_Spatial localization data_

-*-

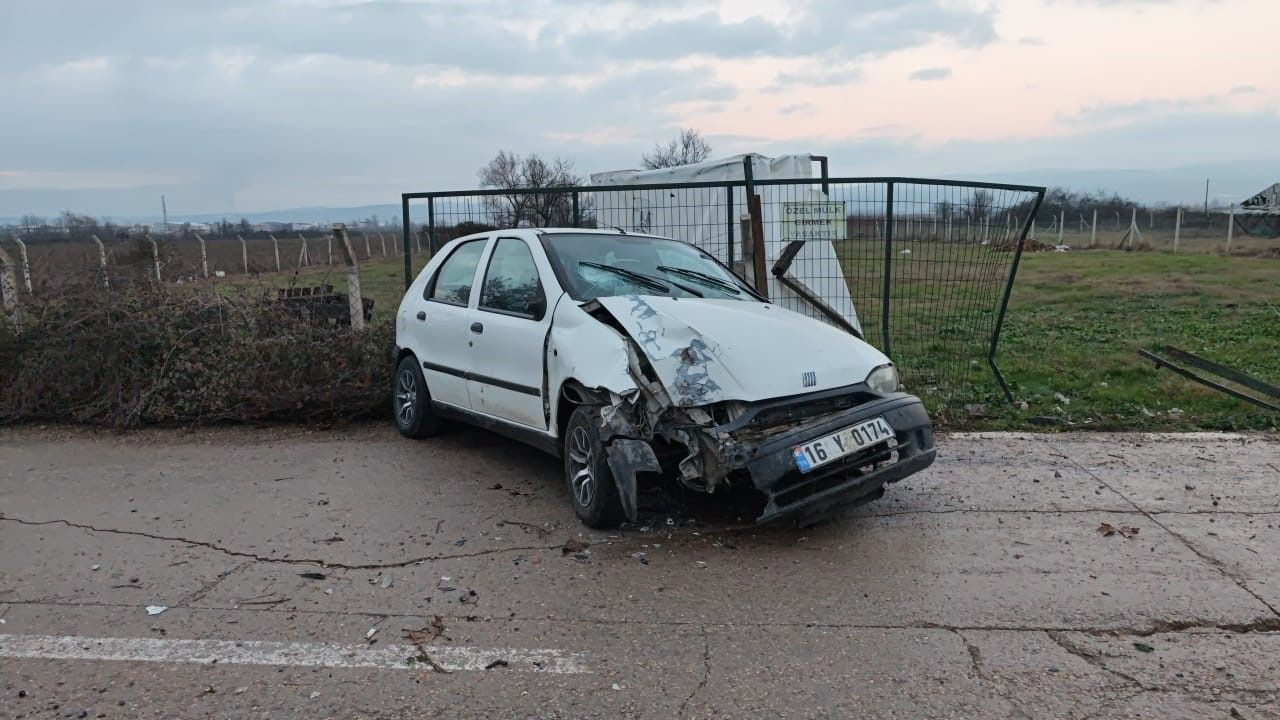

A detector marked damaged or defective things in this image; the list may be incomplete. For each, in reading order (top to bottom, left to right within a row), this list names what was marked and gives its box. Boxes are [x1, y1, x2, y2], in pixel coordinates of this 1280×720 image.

cracked pavement [2, 422, 1280, 712]
damaged white hatchback [394, 229, 936, 527]
crumpled car hood [591, 292, 885, 404]
detached bumper [747, 392, 936, 520]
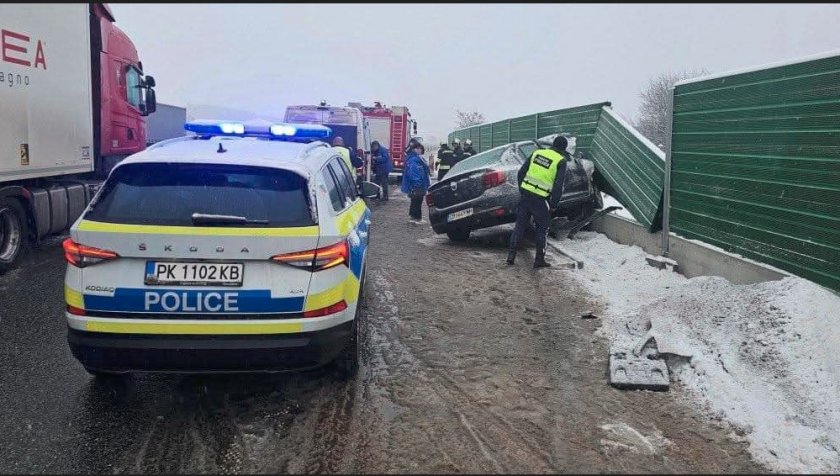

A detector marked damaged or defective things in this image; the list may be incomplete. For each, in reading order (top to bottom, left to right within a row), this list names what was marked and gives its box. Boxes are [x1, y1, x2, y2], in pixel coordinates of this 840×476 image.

rear light of crashed car [486, 169, 506, 188]
overturned dark car [430, 135, 600, 242]
crashed car [430, 136, 600, 244]
rear light of crashed car [62, 238, 120, 268]
rear light of crashed car [270, 242, 348, 272]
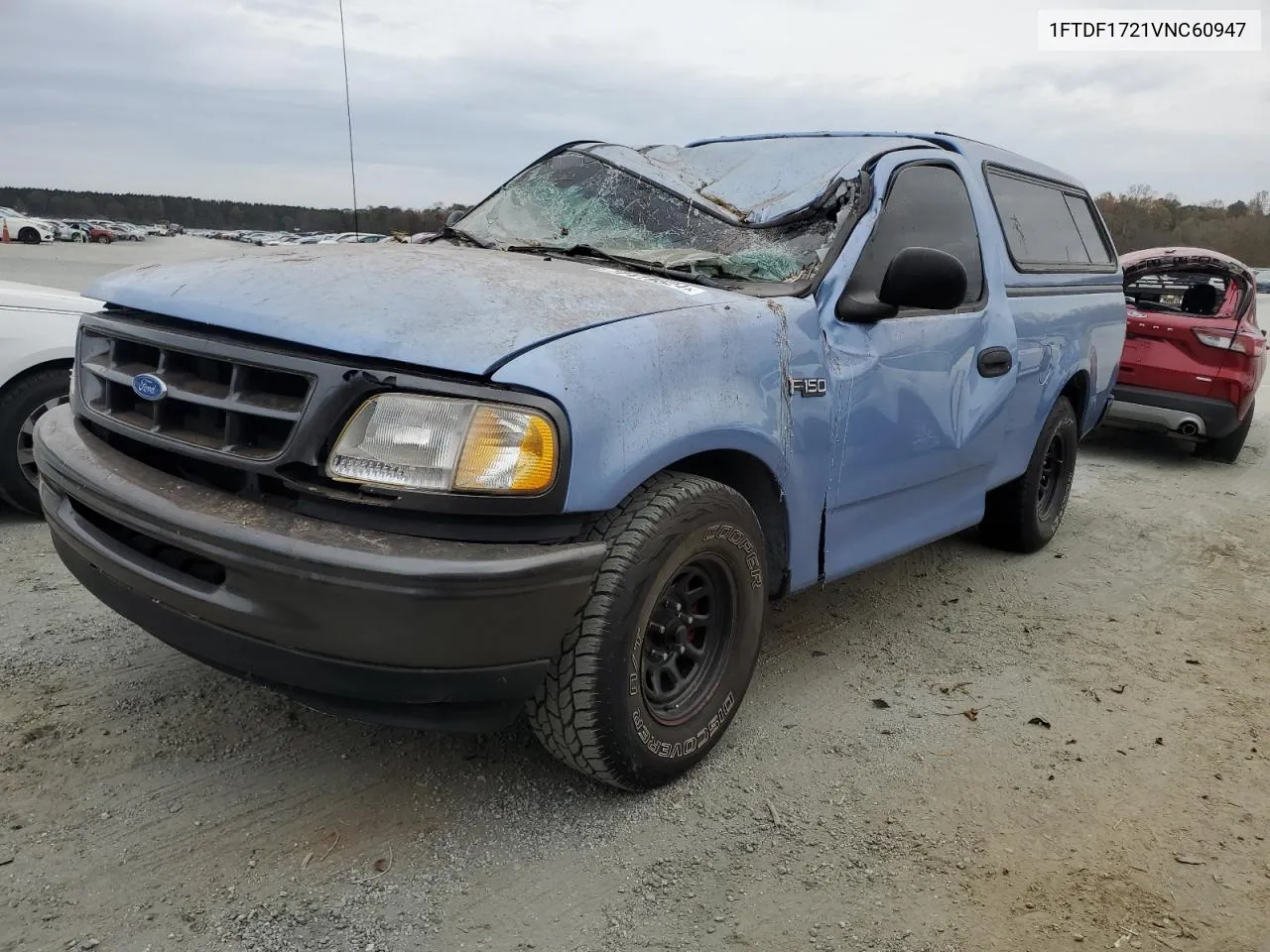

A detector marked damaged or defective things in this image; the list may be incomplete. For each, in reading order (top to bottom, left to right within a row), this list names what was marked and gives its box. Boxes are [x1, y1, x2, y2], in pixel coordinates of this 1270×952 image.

shattered windshield [456, 151, 841, 284]
other wrecked vehicles [32, 134, 1119, 789]
other wrecked vehicles [1103, 247, 1262, 462]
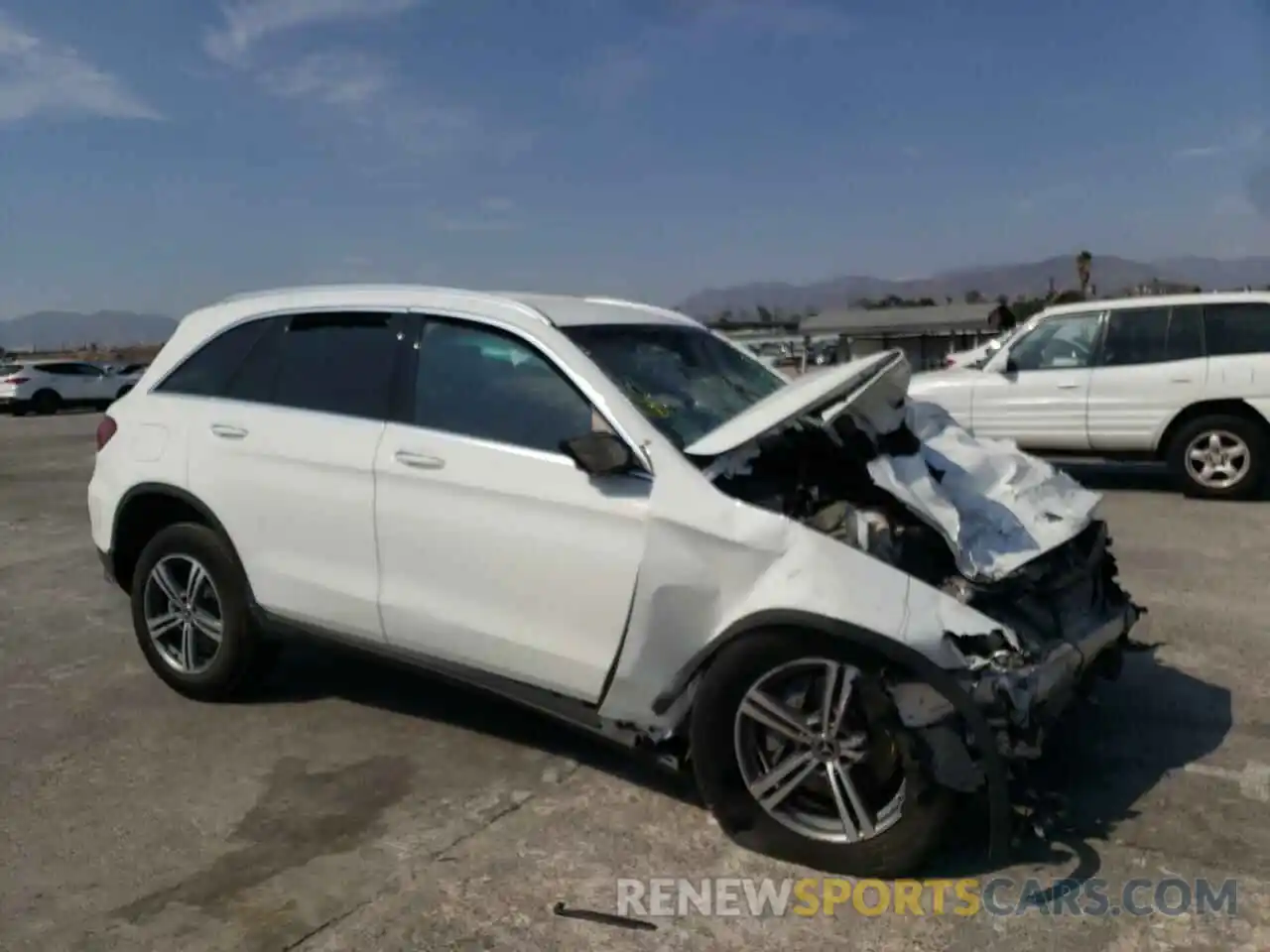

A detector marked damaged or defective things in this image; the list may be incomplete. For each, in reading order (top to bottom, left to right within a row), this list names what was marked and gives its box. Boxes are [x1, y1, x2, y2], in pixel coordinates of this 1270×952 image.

cracked pavement [0, 414, 1264, 949]
damaged front end [705, 355, 1153, 853]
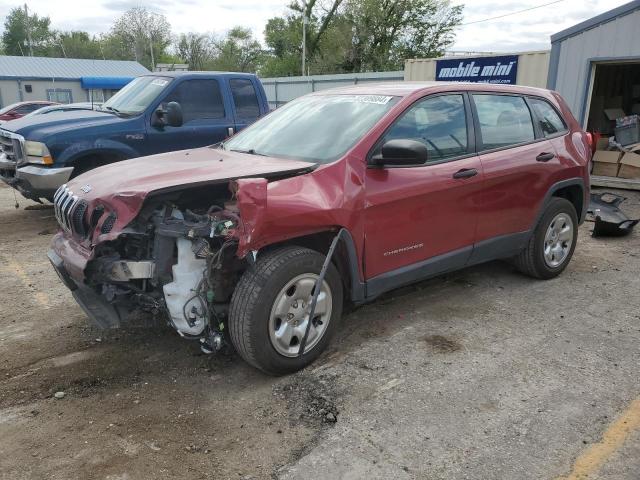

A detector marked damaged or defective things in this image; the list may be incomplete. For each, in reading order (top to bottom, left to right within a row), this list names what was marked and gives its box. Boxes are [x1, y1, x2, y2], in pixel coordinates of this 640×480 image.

crumpled hood [0, 109, 127, 139]
crumpled hood [69, 146, 316, 202]
damaged front end [49, 178, 264, 354]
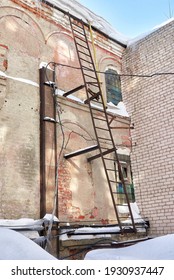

-*-

_TASK TO COMPLETE_
Exclude the pictures and write out exactly the lines from the one holding "this 640×480 image." through the end of the entries, inclusive, and only those.

_RESPONSE TO THIS EXERCISE_
A detector marked damaged or defective things in this image; the list may be incomplete. For each, in reading order (top to bottom, left to right within a row), this list names what was marked and gives its box. Boxes are [x1, y1, x2, y2], in pixel coordinates of this 640×480 image.

crumpled hood [0, 109, 127, 139]
crumpled hood [69, 146, 316, 202]
damaged front end [49, 178, 264, 354]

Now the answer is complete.